Essa desaceleração é atribuída à queda nos investimentos em propriedades e infraestrutura, afetando particularmente as indústrias de aço e cimento. No entanto, o setor de circuitos integrados, impulsionado pelo boom da IA, viu os lucros aumentarem em 18,5%, contribuindo significativamente para os ganhos gerais do setor de eletrônicos.
Os fabricantes de matérias-primas também experimentaram um robusto aumento de lucros de 55,2%. Apesar desses ganhos, as indústrias voltadas para o consumidor enfrentaram dificuldades, com os lucros da fabricação de móveis despencando em 58,2%.
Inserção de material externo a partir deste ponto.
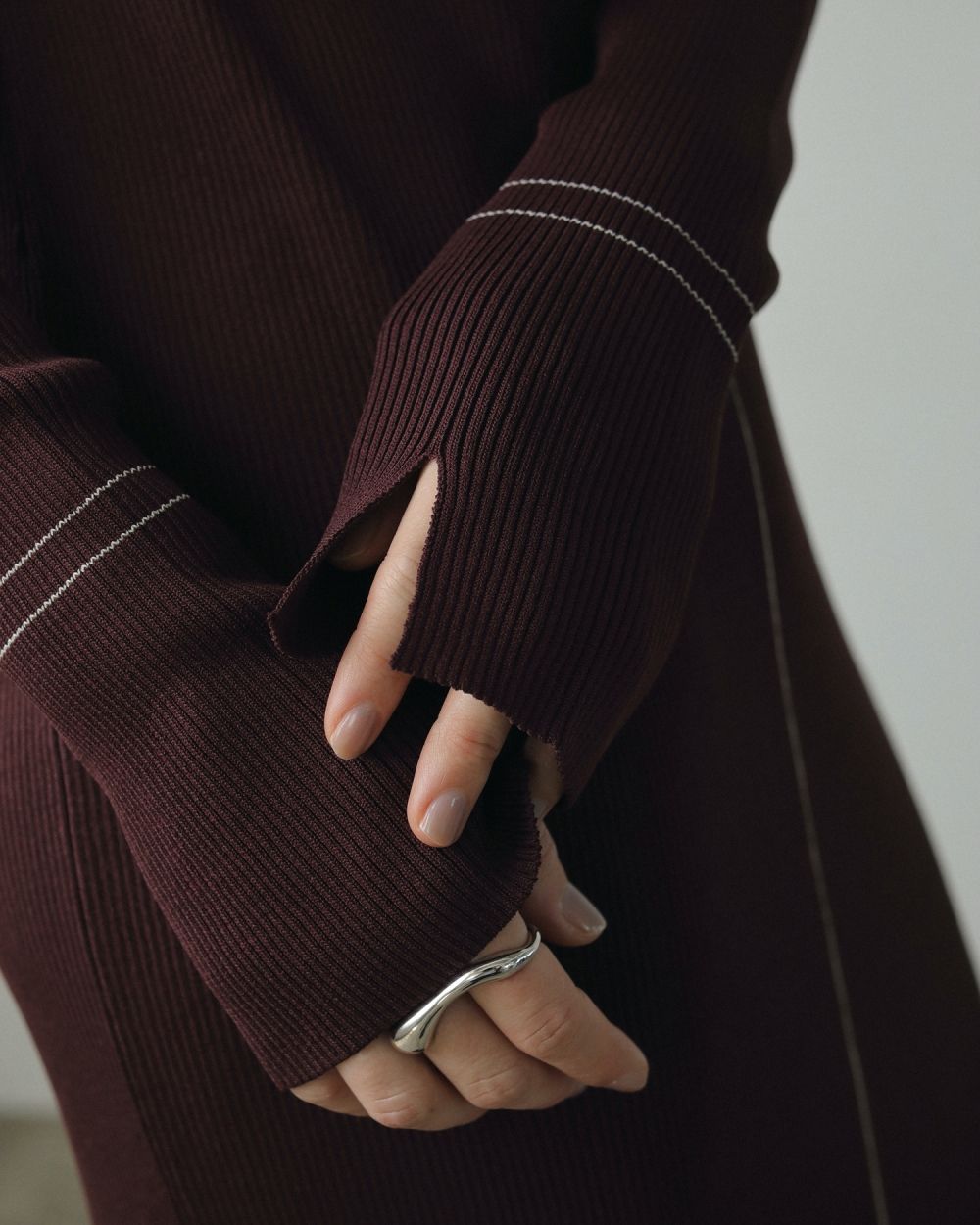 ànuke online store（アンヌーク） / Line Knit OnepieceLine Knit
O contexto econômico mais amplo mostra uma taxa de crescimento enfraquecida, com a inflação na porta da fábrica de julho desacelerando para 3,5% e o crescimento real das exportações diminuindo.
Economistas antecipam que as autoridades chinesas podem implementar medidas de apoio direcionadas para estabilizar a lucratividade corporativa, embora uma recuperação forte seja improvável devido aos desafios contínuos no mercado imobiliário e à confiança do consumidor contida.